Note that whatever I've written is under Ruby license, but the other stuff
is under a GPL license.
www.tua.ch/ruby/link/050128-link-4.1b-for-ruby.tgz
This is probably going to be a real release sometime soon.
best regards,
> I'll give it
> another try once I get access to a clean machine.
Hey, just tell me if you need help on this. You are the only user as far as
I can tell (that is: until I figure out something usefule for this tool).
Performance issues ? Isn't the thing rather well optimized ? I wonder what
you are running trough Lingua::LinkParser to get these issues...
----8<----
baron@daedalus:~/tmp/link-4.1b-ruby/tests$ ruby tc_linkparser.rb
Loaded suite tc_linkparser
Started
Opening ./4.0.dict
F Opening ./4.0.dict
E
Finished in 0.010642 seconds.
1) Failure:
test_basic(TestLinkParser) [tc_linkparser.rb:30]:
Exception raised:
Class: <StandardError>
Message: <"Could not find dictionary.">
---Backtrace---
tc_linkparser.rb:16:in `initialize'
tc_linkparser.rb:16:in `new'
tc_linkparser.rb:16:in `initialize'
tc_linkparser.rb:10:in `new'
tc_linkparser.rb:10:in `new'
/usr/lib/ruby/1.8/singleton.rb:95:in `instance'
/usr/lib/ruby/1.8/singleton.rb:84:in `instance'
tc_linkparser.rb:20:in `dict'
tc_linkparser.rb:31:in `test_basic'
tc_linkparser.rb:30:in `assert_nothing_raised'
tc_linkparser.rb:30:in `test_basic'
---------------
2) Error:
test_link_each(TestLinkParser):
StandardError: Could not find dictionary.
tc_linkparser.rb:16:in `initialize'
tc_linkparser.rb:16:in `new'
tc_linkparser.rb:16:in `initialize'
tc_linkparser.rb:10:in `new'
tc_linkparser.rb:10:in `new'
/usr/lib/ruby/1.8/singleton.rb:95:in `instance'
/usr/lib/ruby/1.8/singleton.rb:84:in `instance'
tc_linkparser.rb:20:in `dict'
tc_linkparser.rb:65:in `test_link_each'
2 tests, 1 assertions, 1 failures, 1 errors
baron@daedalus:~/tmp/link-4.1b-ruby/tests$ ls
4.0.affix 4.0.constituent-knowledge 4.0.knowledge tiny.dict
. 4.0.batch 4.0.dict tc_linkparser.rb words
baron@daedalus:~/tmp/link-4.1b-ruby/tests$
----8<----
I have two guesses as to what the problem is:
- I copied liblink.a to the wrong directory(ies), or
- 4.0.dict needs to be in the same directory as the library.

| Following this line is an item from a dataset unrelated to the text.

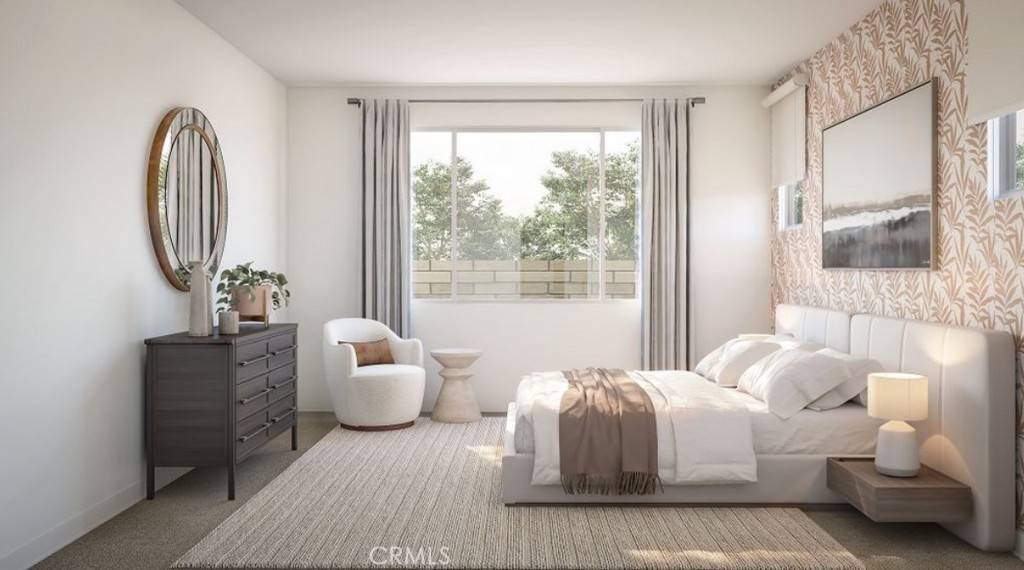 French Valley, CA 92695,33254 Celadon AVE
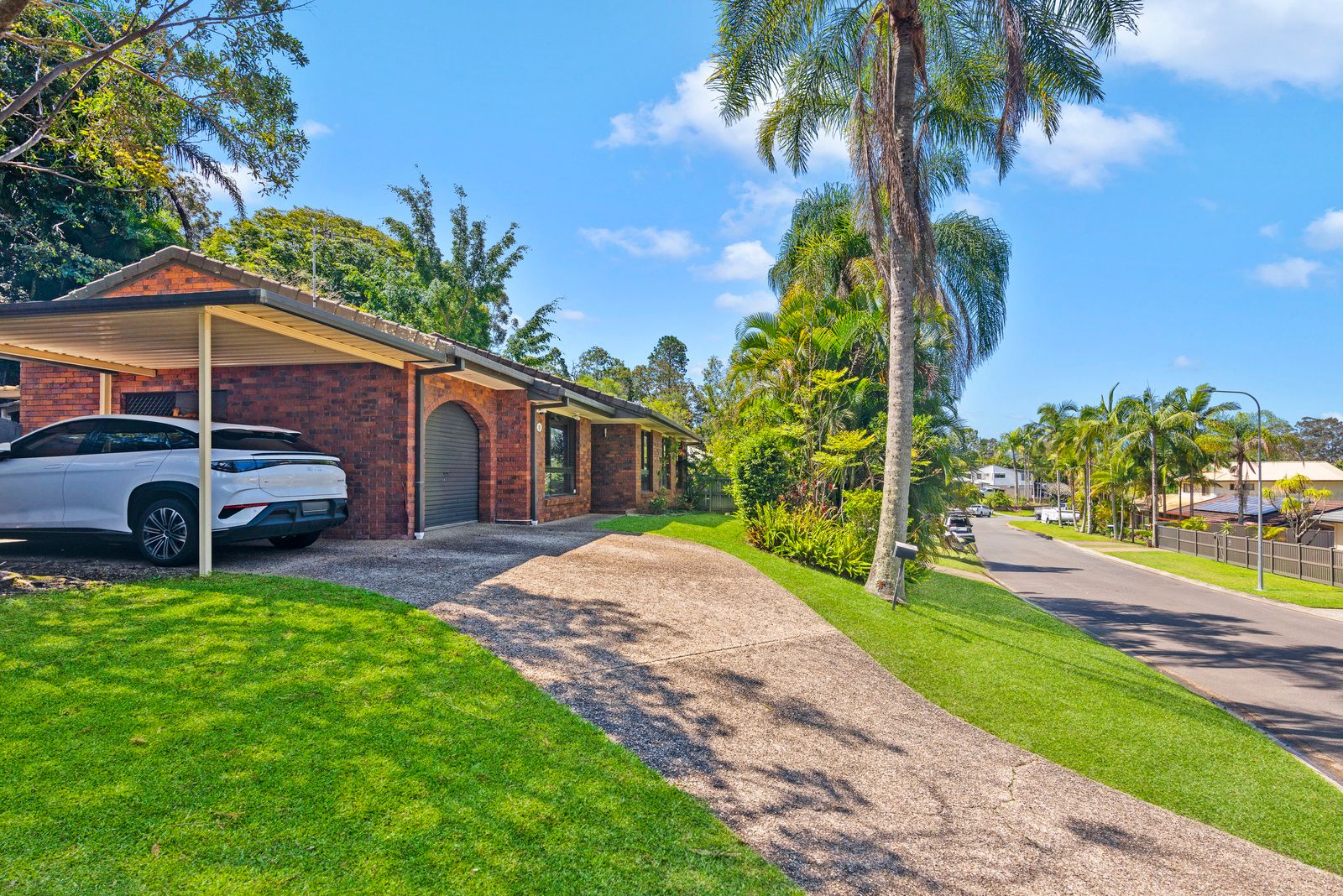 13 Hillcot Street — photo from Ray White Tugun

I haven't investigated further on it due to unrelated personal reasons, though.
The performance issues themselves are not with Lingua::LinkParser, but
with Link Grammar itself. When running it on the sentences in
http://notpublic.wrong.button.com/sent.txt . Those have been extracted
by a friend from a NYT article. Some time out, others just fail, and
on one Link Grammar just refuses to work because the sentence is
longer than 70 words! Fortunately for me, the first phase of my work
does not require _all_ sentences to be parsed - just enough to extract
a sufficient amount of VS/VO pairs (~40000).
Lastly: I've been in contact with Martin Chase, who worked on the
Linguistics and LinkParser ports
(http://raa.ruby-lang.org/list.rhtml?name=linkparser and
http://www.deveiate.org/code/linguistics-overview.html - a Ruby gem is
also available for the latter). I plan to use Linguistics because I
also need to make use of WordNet. So far LinkParser is unoptimized (to
the point that pruning (and probably memoization too) are a
necessity), and needs the words in the sentence to be tagged if used
with 4.0.dict . The plan I have so far is to use your Link Grammar
wrapper instead of LinkParser for the Linguistics module, since it is
considerably faster.
Cheers!
-CWS
> 1) Failure:
> test_basic(TestLinkParser) [tc_linkparser.rb:30]:
> Exception raised:
> Class: <StandardError>
> Message: <"Could not find dictionary.">
Yeah, this looks as though the dictionary could not be found. I usually run
the tests directly from the tests directory, where I also have all those
dict files. If that does not work (and it certainly seems not to), there is
an option using DICTPATH environment variable.
But I was looking at how to get the Dictionary.new an optional argument
which would be the path of the dictionaries.
Sure hope we can sort this out. And yeah, the Ruby version seems to be very
slow - I don't really understand why this should be rewritten.